100 Milliarden für Duisburg

Beispiel: 1 Milliarde Mark Duisburger Notgeld
Ein Duisburger hat Oberbürgermeister Adolf Sauerland ein ungewöhnliches Geschenk gemacht: einen Geldschein des Notscheingeldes von 1923. Als Dankeschön lud Sauerland den Rentner zu einer Führung ins Rathaus ein.

Es ist bunt, mit Ornamenten und altdeutscher Schrift bedruckt, und es hat den Geruch der Vergangenheit: das Notscheingeld der Stadt Duisburg aus dem Jahre 1923. Einige Scheine fanden auf ungewöhnliche Art ihren Weg aus dem Sammlerarchiv eines Duisburgers in die Hände des Oberbürgermeisters Adolf Sauerland.

Schein mit Stadttheater

"Ich habe zu meinem 80. Geburtstag eine Glückwunschkarte der Stadt bekommen, auf der eine Teilansicht des Stadttheaters zu sehen war", erinnert sich Herr St. (Seinen Namen möchte er nicht veröffentlicht haben). "Spontan fiel mir dann ein, dass ich in meiner Geldscheinsammlung einen Notgeldschein habe, auf dem ebenfalls das Theater zu sehen ist, und schickte ihn als Dankeschön an den Oberbürgermeister." Der OB reagierte mit Begeisterung und einer Portion Humor: "Ich will den Geldschein bei nächster Gelegenheit dem Kämmerer zeigen, damit er sagen kann, ob der geschundene Haushalt Duisburgs auf diesem Wege ausgeglichen werden kann."

Dieser Plan dürfte wohl nicht aufgehen, denn bei dem Schein handelt es sich um Stadtnotgeld aus dem Jahr 1923, als die Inflation ihren Höhepunkt erreicht hatte und die großen Städte und Firmen ihr eigenes Geld herstellen mussten.

Was als nächstes geschah, damit hatte Herr St. nicht gerechnet. "Ich wurde ins Rathaus eingeladen und man machte mit mir eine Führung" berichtet er.
"Das war ein tolles Erlebnis für mich.
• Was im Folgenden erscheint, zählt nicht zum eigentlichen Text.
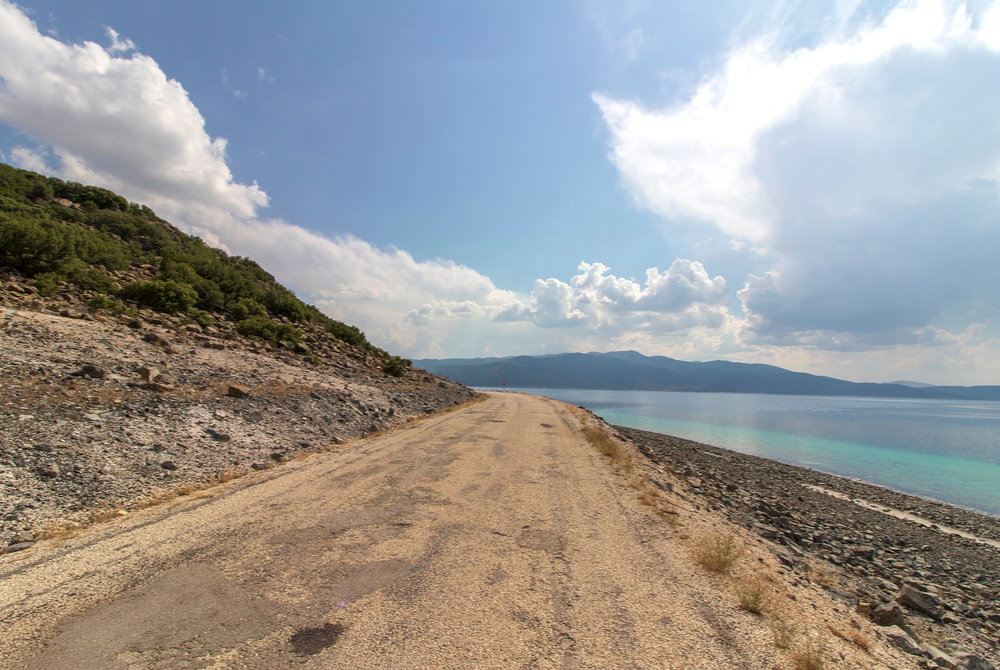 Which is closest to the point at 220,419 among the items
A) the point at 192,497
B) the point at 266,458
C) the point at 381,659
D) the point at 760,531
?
→ the point at 266,458

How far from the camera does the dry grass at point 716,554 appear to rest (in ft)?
19.0

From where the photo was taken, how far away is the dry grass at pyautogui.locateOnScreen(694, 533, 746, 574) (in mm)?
5804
Ich dachte, man freut sich über den Schein und er wandert ins Archiv, nicht jedoch, dass ich so eine besondere Einladung erhalte." Doch auch diese nette Geste ließ der Rentner nicht ungedankt und überreichte weitere 15 Scheine aus seiner Sammlung, die nun ein neues Zuhause im Kultur- und Stadthistorischen Museum finden sollen. Zu ihnen zählen ein Gutschein über 100 Milliarden Mark der Duisburger Kupfer- und Messingwerke, ein Gutschein der Duisburger Kupferhütte über eine Milliarde Mark, ein Schein über zwei Millionen Mark der Rheinischen Stahlwerke in Meiderich und ein Papier über zehn Millionen Mark der Eisenwerkkraft.

Doch wie gelangte das Notgeld in die Hände des Duisburgers? "1952 eröffneten meine Frau und ich einen kleinen Blumenladen. Eines Tages kam eine Stammkundin, die von meiner Sammelleidenschaft wusste. Sie gab mir die Scheine ihres Schwiegervaters, der sie vor dem Reißwolf gerettet hatte."